I tried using a homomorphism from $\mathbb{Z}[x] \rightarrow \mathbb{Q}$ defined by $\varphi(f(x)) = f(q)$ for a fixed $q \in \mathbb{Q}$. When $q$ is a root this could be useful, but that's all I've managed to come up with, and I'm unclear how to proceed.
On
A ring homomorphism $\Bbb Z[X]/(f(X))\to\Bbb Q$ is essentially a ring homomorphism $\phi:\Bbb Z[X]\to\Bbb Q$ with the property that $\phi(f(X))=0$.
The ring homomorphisms $\Bbb Z[X]\to\Bbb Q$ all have the form $\phi_q:g(X)\mapsto g(q)$ for $q\in\Bbb Q$, as you say. This map induces a homomorphism $\Bbb Z[X]/(f(X))\to\Bbb Q$ iff $\phi_q(f(X))=0$. But $\phi_q(f(X))=f(q)$.
On
Recall that a map between unital rings $\mathbb{Z}[X] \xrightarrow{q} A$ is determined by $q(X)$. Moreover, if $q_x := q(X)$, then $q(f) = f(q_x)$. This comes from writing $f$ as a sum of monomials, expanding and using that $f(X) = q_x$. Hence all morphisms $\mathbb{Z}[X] \to A$ are an evaluation.
So, take $ev_x$ an evaluation map from $\mathbb{Z}[X]$ to $\mathbb{Q} \ni x$. If $f(x) = ev_x(f) = 0$, then $(f) \subset \ker(ev_x)$ and so $ev_x$ factors through $\mathbb{Z}[X]/(f)$. To see this you can appeal to the first isomorphism theorem.

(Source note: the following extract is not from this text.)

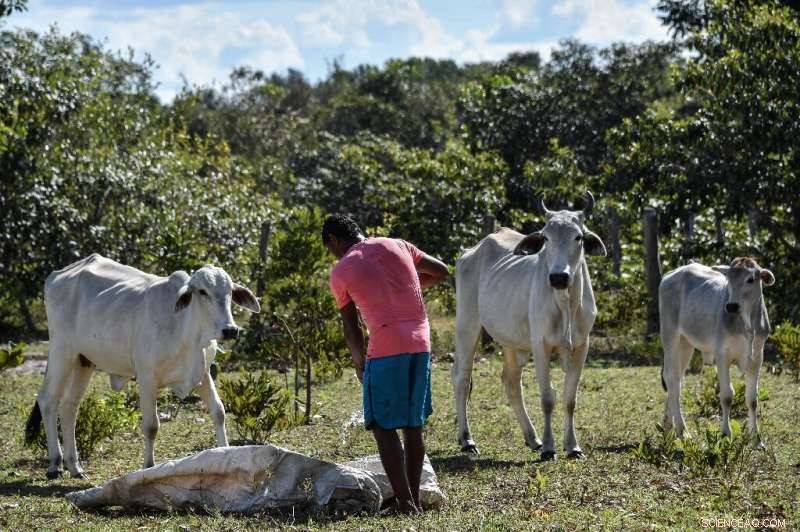 Urgent Call: Act Now to Safeguard Food Security and Climate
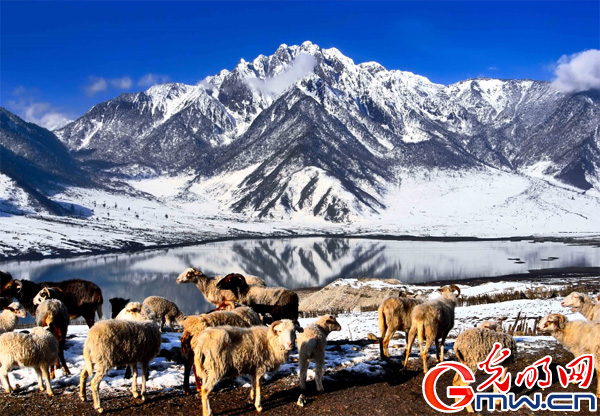 中国彝乡·五彩凉山 2020凉山文化旅游推介会在渝举行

Reciprocally, if you have a morphism $q : \mathbb{Z}[X]/(f) \to \mathbb{Q}$, then you have a morphism $g = q\pi$ defined as the following composition,
$$ \mathbb{Z}[X] \xrightarrow{\pi} \mathbb{Z}[X]/(f) \xrightarrow{q} \mathbb{Q}. $$
We have proved that $g \equiv ev_x$ for some rational $x$. Thus,
$$ f(x) = ev_x(f) = g(f) = q\pi(f) = q(0) = 0, $$
which concludes the proof.
The following lemma will be useful.
Lemma. Let $\varphi: A \to B$ be a ring homomorphism and $I$ be an ideal of $A$. Then $\varphi$ descends to a homomorphism $\overline{\varphi}: A/I \to B$ iff $I \subseteq \ker(\varphi)$.
You've defined the map \begin{align*} \varphi: \mathbb{Z}[x] &\to \mathbb{Q}\\ g(x) &\mapsto g(q) \end{align*} Can you see why you can apply the lemma to get a map on the quotient? (As a note, you shouldn't use $f(x)$ to refer to two different things.)